In Canada, murder is front page news, which is as it should be. Somebody gets killed on Monday, on Tuesday we're all scared. Murder isn't front page news in America. An axe murderer can't get front page news. Not unless he's done something clever with the heads.

-Mike Wilmot, comedian

It took me a long time to get it.

Not surprising, really. I’m not an American, after all -- what the hell would I know about the 2nd Amendment and its ramifications? And I’m certainly not some kind of savant with firearms: I have no military, police, or hunting background, I’ve never even seen a pistol that wasn’t in the holster of an RCMP constable, and the last time I ever handled a firearm was over twenty years ago when I went grouse hunting with my father and decided I couldn’t kill a bird so dumb it didn’t realize that trying to hide from a predator armed with a missile weapon in the branches of a tree that had already shed all its leaves was probably not going to work well. It seemed unsporting.

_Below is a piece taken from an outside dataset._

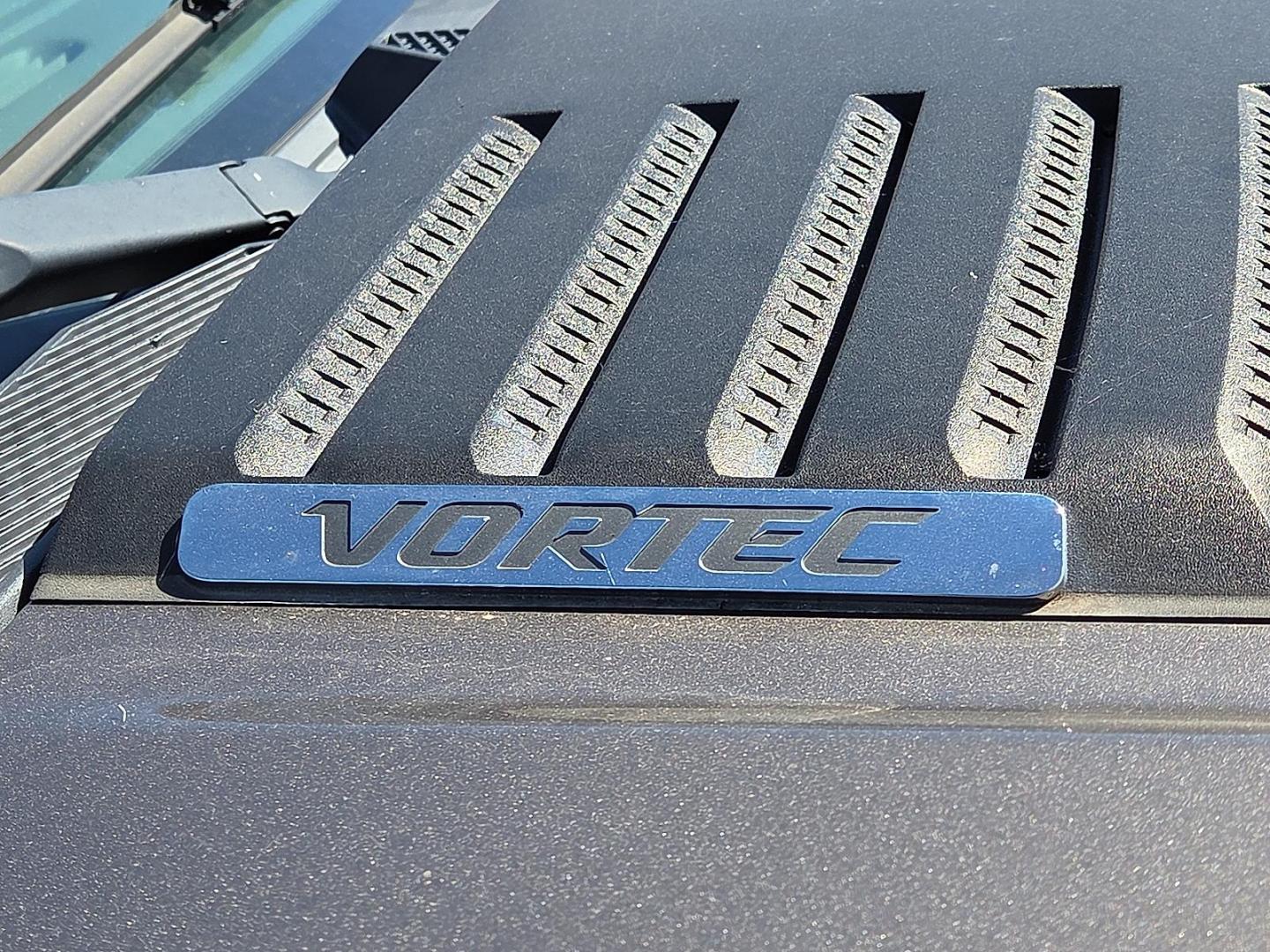 2013 Steel Gray Metallic - 16U /Dark Titanium - 88V GMC Sierra 2500HD Work Truck (1GT21ZCG2DZ) with an Vortec 6L V-8 variable valve control, regular unleaded, engine with 360HP engine, located at 4711 Ave Q, Lubbock, TX, 79412, (806) 687-2362, 33.551304, -101.855293 - Photo#11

So, perhaps that’s why, watching the United States go completely paste-eating insane over the question of guns, I’ve been utterly confused, and from what I can tell I’m not alone here. Other Canadians (at least the ones I talk to), when questioned on the subject of American firearms proliferation and deregulation (amongst other subjects), tend to shake their heads, glance despairingly in a general southerly direction and mumble some variation of the question "what the hell is wrong with those people?"

It seems unreasonable, from the outside. Completely so.

Every statistic speaks against firearms deregulation, every other industrialized country that chooses to pass strict gun control laws experiences less gun violence and certainly fewer firearms-related injuries and deaths. But the United States? Nope, wrong country, Commie, keep moving. In America, weapons are religious icons -- purveyors of salvation delivered by small, high-velocity hunks of metal, the ultimate triumph of faith over reason. When anyone tries to use statistics and logic and comparisons to conditions in other countries to try to reason with gun-rights activists, they’re essentially trying to argue evolution with creationists, women’s rights with fundamentalists, or economics with S.E. Cupp.


And that’s why I found myself watching the highlights of Wayne LaPierre’s speech at CPAC this past week thinking the same thing over and over: it’s going to happen again.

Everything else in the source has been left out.